AWS_AMI_SETUP.md

Setup to build AWS AMI

1. Create AWS access keys
2. Create AWS EC2 Key Pair
3. (Optional) Set AWS Multi-factor authentication (MFA) credentials

Create AWS access keys

🤔 When creating an AWS AMI, an AWS access key is needed by Packer to access the account. This information is usually kept in ~/.aws/credentials and is accessed by the Packer amazon-ebs builder.

1. Create Access keys for CLI, SDK, & API access.

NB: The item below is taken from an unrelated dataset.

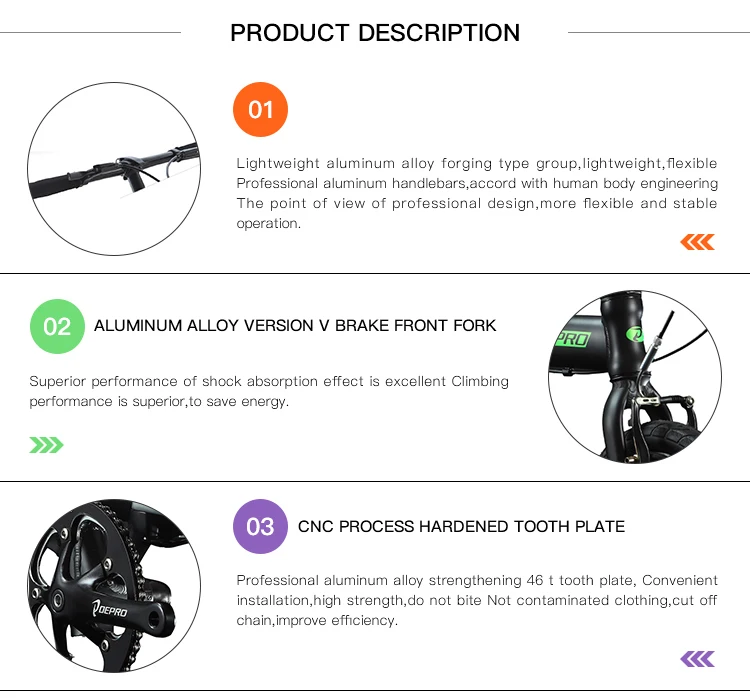 2019 Newest Fashion Custom Eco-Friendly Lightweight Folding Bike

2. Method #1: Use the aws command line interface to create ~/.aws/credentials. Supply the information when prompted. Example:

   $ aws configure
   
   AWS Access Key ID:
   AWS Secret Access Key:
   Default region name [us-east-1]:
   Default output format [json]:

3. Method #2: ✏️ Manually create a ~/.aws/credentials file. Example:

   mkdir ~/.aws
   
   cat <<EOT > ~/.aws/credentials
   [default]
   aws_access_key_id = AAAAAAAAAAAAAAAAAAAA
   aws_secret_access_key = xxxxxxxxxxxxxxxxxxxxxxxxxxxxxxxxxxxxxxxx
   EOT
   
   chmod 770 ~/.aws
   chmod 750 ~/.aws/credentials

4. References:

   1. Packer using AWS authentication

Create AWS EC2 Key Pair

🤔 When creating an AWS AMI, a EC2 key pair is required by Packer to access the EC2 instance that is used to create the AMI. With access, Packer is able to run provisioners such as Ansible on the EC2 instance

1. Create EC2 key pair

2. Add key pair to custom-var.json

{
  "aws_ssh_keypair_name": "packer-key",
  "aws_ssh_private_key_file": "~/packer-key.pem",
}

(Optional) Set AWS Multi-factor authentication (MFA) credentials

🤔 If the AWS account is setup with multi-factor authentication, a new set of access key id, key and session token has to generated ephemerally for packer to build the AMI.

Do follow the AWS MFA guide to setup the credentials required to build AMI.